Problem description.
Transcribe exactly, please, the line bearing "Jordan 1 Retro High OG Shadow 2.0 착용 스타일 - 4" and all later lines through the end of the records, with the pictures left out.

Material for this task.

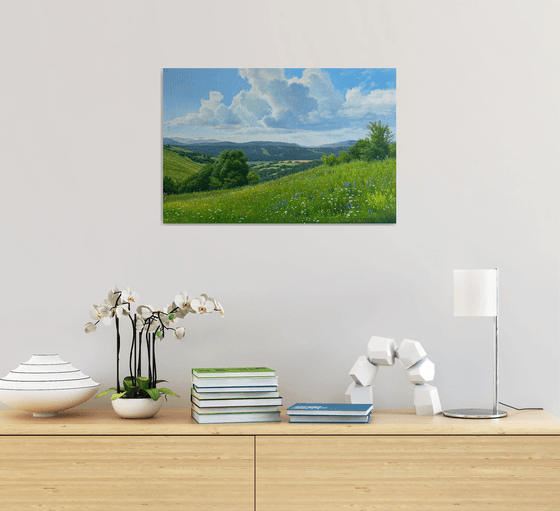 Meadows of early summer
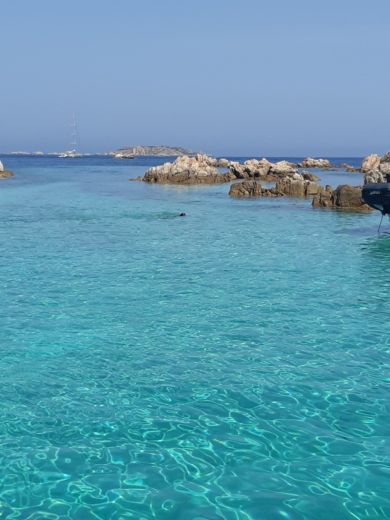 Palau Without license Bsc 50 SPECIAL alt tag text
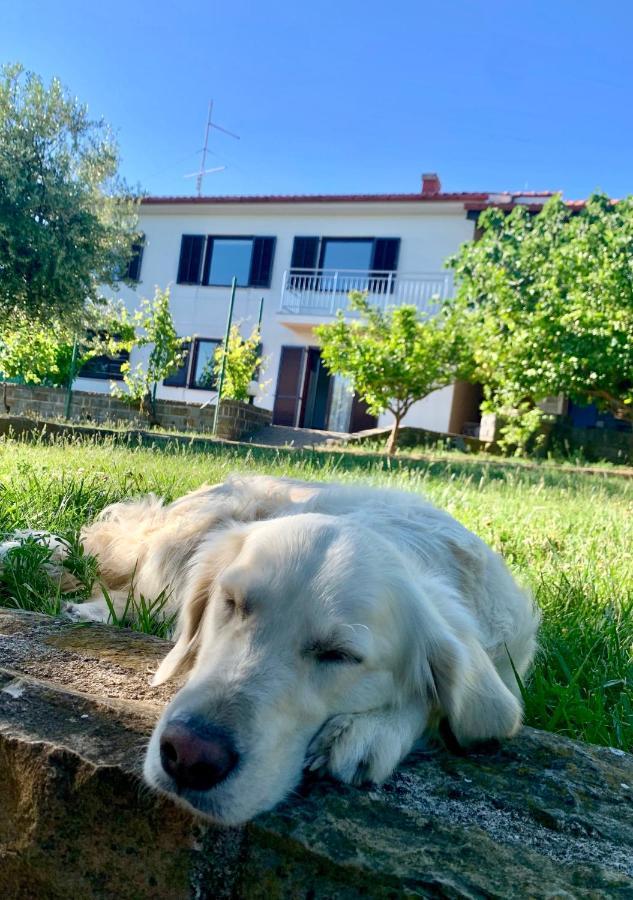 Olea Mar Apartma Pobegi Dış mekan fotoğraf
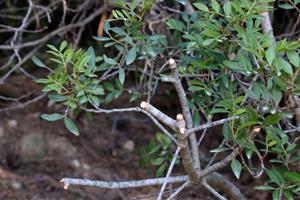 Veïns del Penedès denuncien 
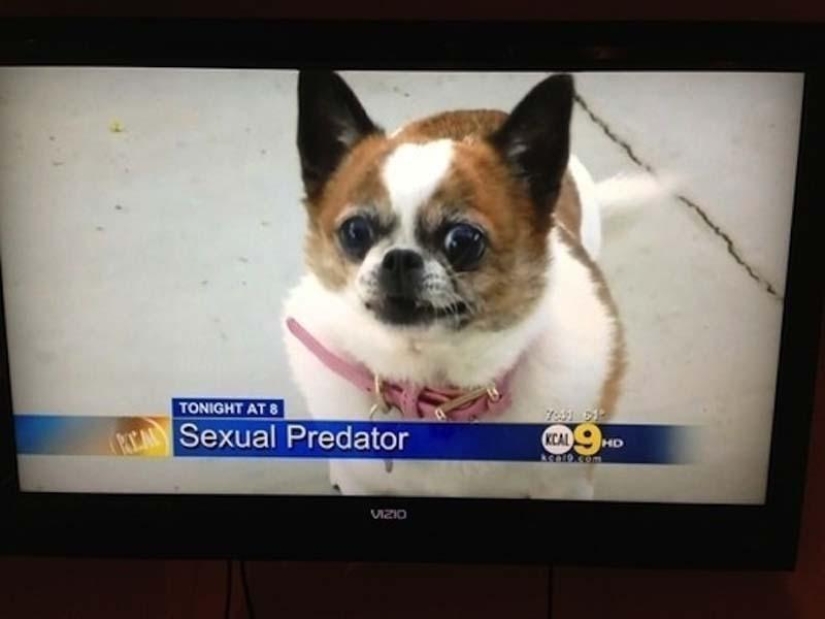 Dogs that just can&#39;t...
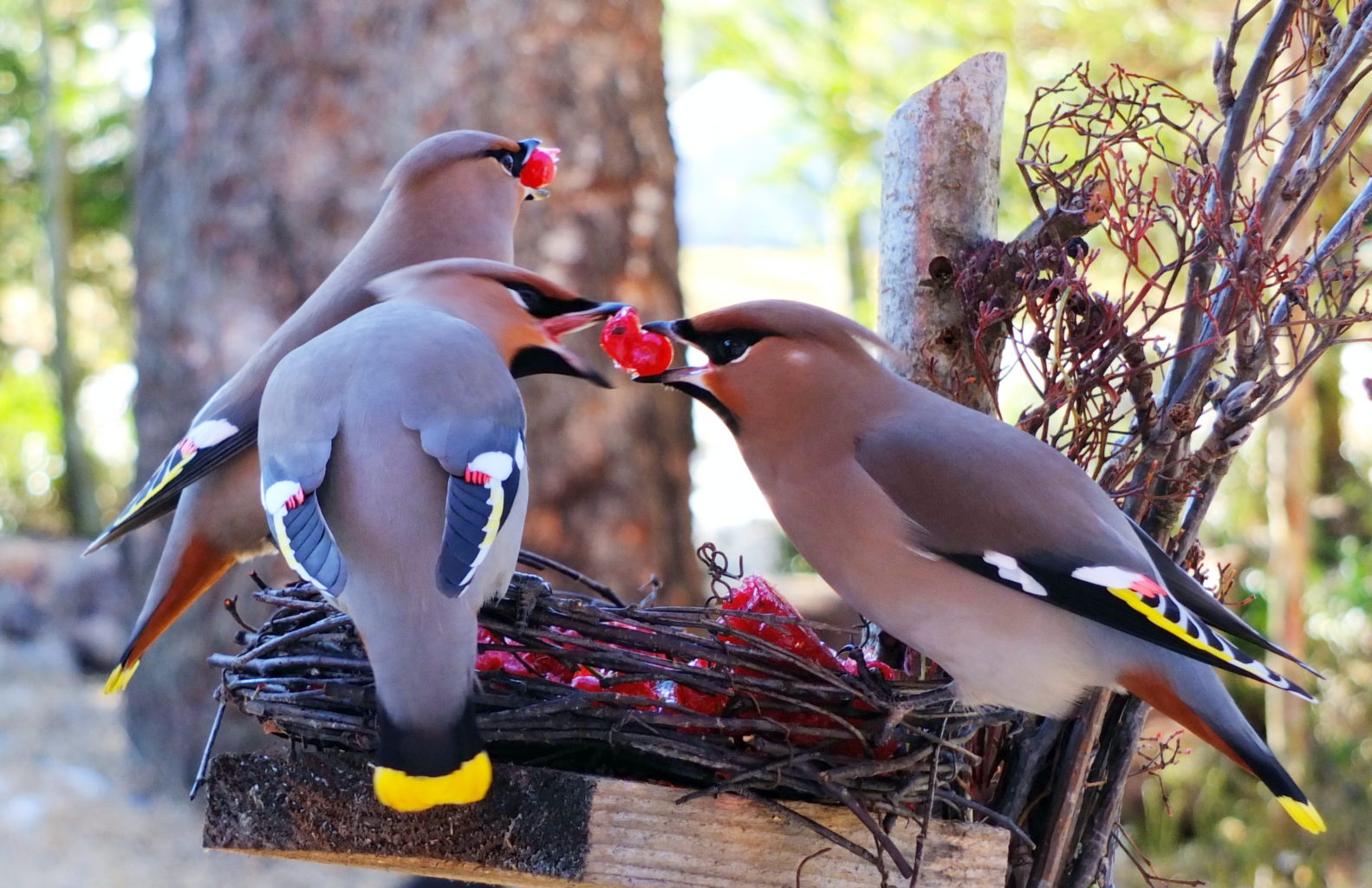 Valokuvaaja: Hannu Rasiranta Valokuvaaja: Hannu Rasiranta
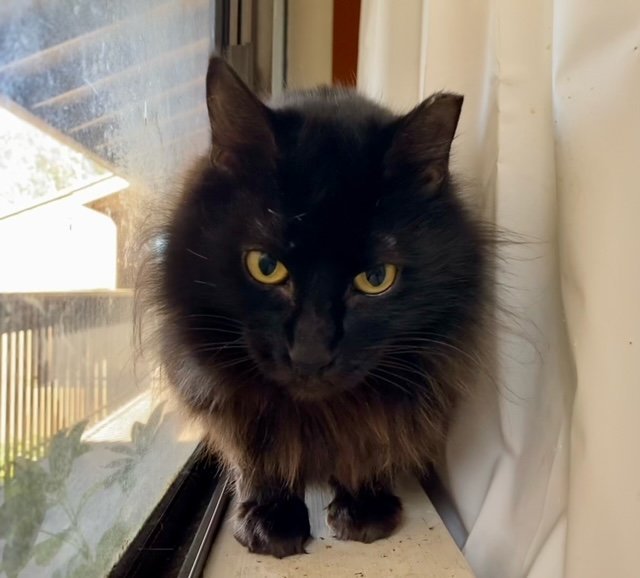 Sadie (Courtesy Post)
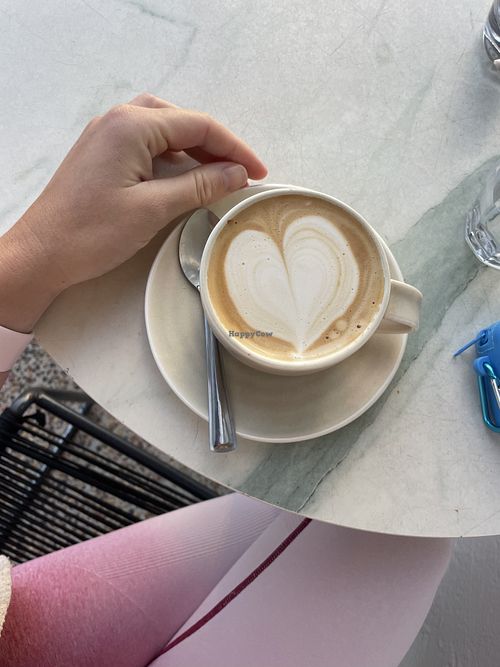 Small oat Flat - you pay for the view   at Pasture of Balmoral in Mosman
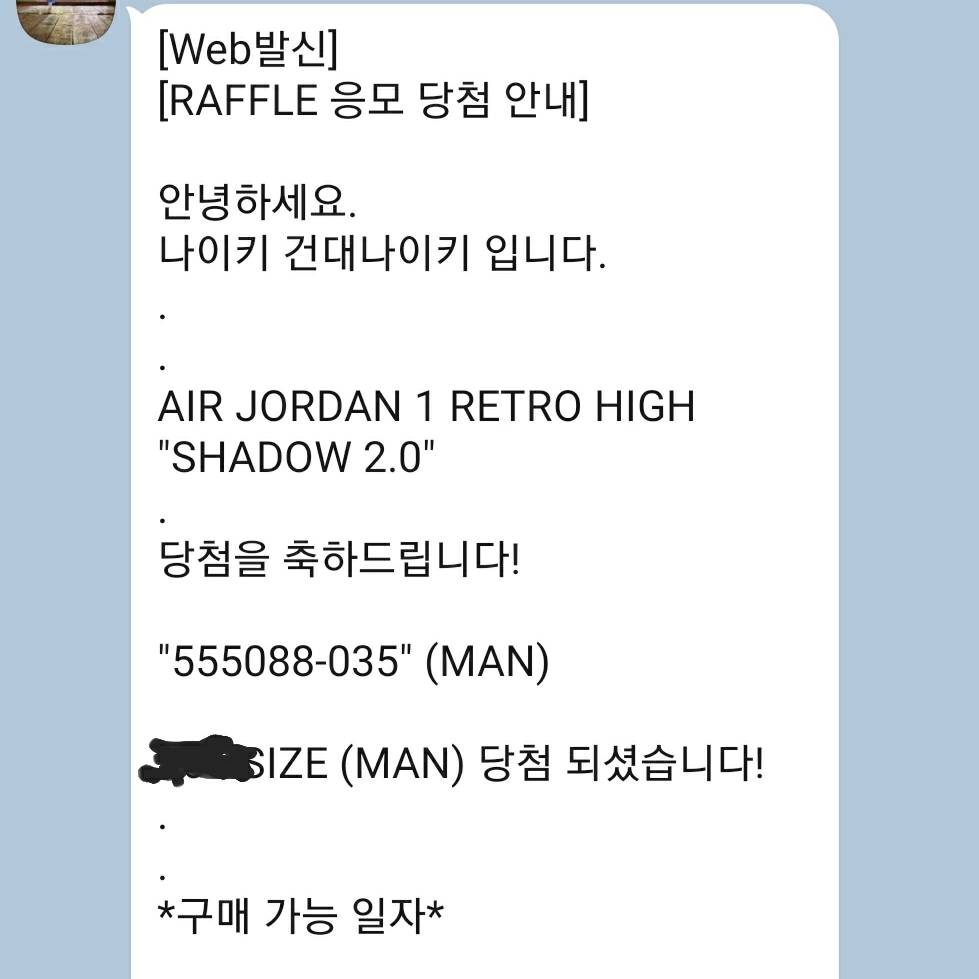 Jordan 1 Retro High OG Shadow 2.0 착용 스타일 - 4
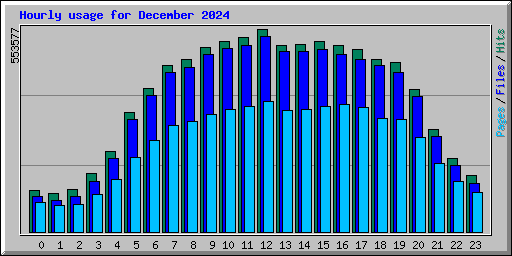 Hourly usage for December 2024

Written response.
 Jordan 1 Retro High OG Shadow 2.0 착용 스타일 - 4
 Hourly usage for December 2024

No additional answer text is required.